What’s this about?
The Built Environment & Health (BEH) project is an interdisciplinary program of research at Columbia University. Led by epidemiologist Andrew Rundle, BEH uses spatial data to examine the implications of the built environment, including land use, public transit, and housing, for physical activity, diet, obesity, and other aspects of health. With a focus on New York City, BEH research will inform public policy to promote health in the city and metropolitan area. BEH is affiliated with the Robert Wood Johnson Foundation Health & Society Scholars program at Columbia.
Collaboration with PPS to Study Farmers’ Markets
New Grant
The Robert Wood Johnson Foundation Healthy Eating Research program recently awarded funding to a collaboration between BEH and the Project for Public Spaces (PPS), a New York City-based nonprofit.
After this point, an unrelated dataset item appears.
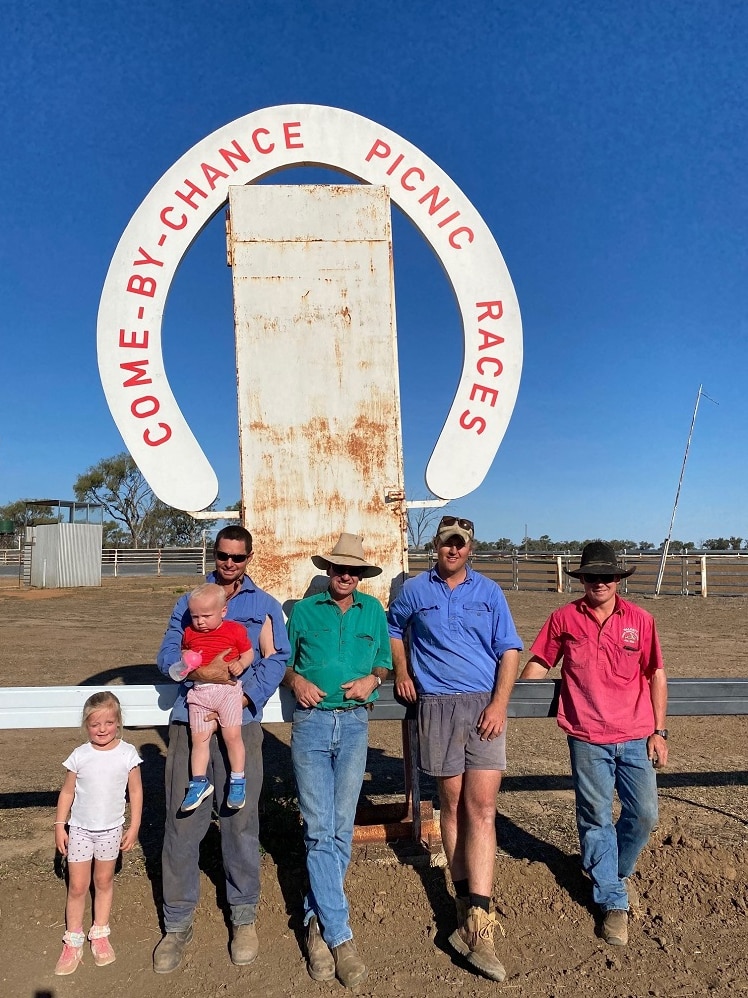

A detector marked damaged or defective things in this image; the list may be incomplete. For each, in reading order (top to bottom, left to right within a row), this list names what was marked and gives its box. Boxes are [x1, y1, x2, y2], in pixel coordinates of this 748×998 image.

rusty metal door [229, 187, 410, 604]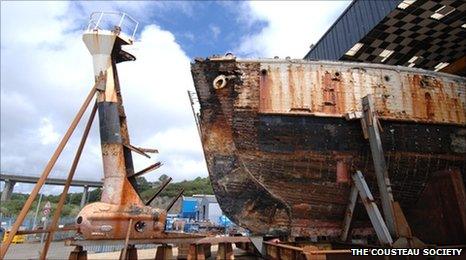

The project, “Farmers Markets as a Strategy to Improve Access to Healthy Food for Low-Income Families and Communities,” builds on a national PPS program to support farmers’ markets. Over the last several years, with support from the Ford Foundation and the Kellogg Foundation, PPS has provided funding and technical assistance to help farmers’ markets become economically sustainable and community-centered. The new project will examine the factors that make farmers’ markets successful in low- to moderate-income communities, with a focus on youth. As part of the project, researchers will return to eight farmers’ markets that received PPS funding to survey market customers and other neighborhood residents about food access in their communities.
Key personnel on the project include Stephen Davies (PPS), the principal investigator, along with Chris Heitman and Kelly Williams at PPS and Kathryn Neckerman, Marnie Puciel, and Paulette Yousefzadeh at BEH.
PPS and BEH also collaborated in the summer of 2007 on an observation-based study of neighborhood walkability.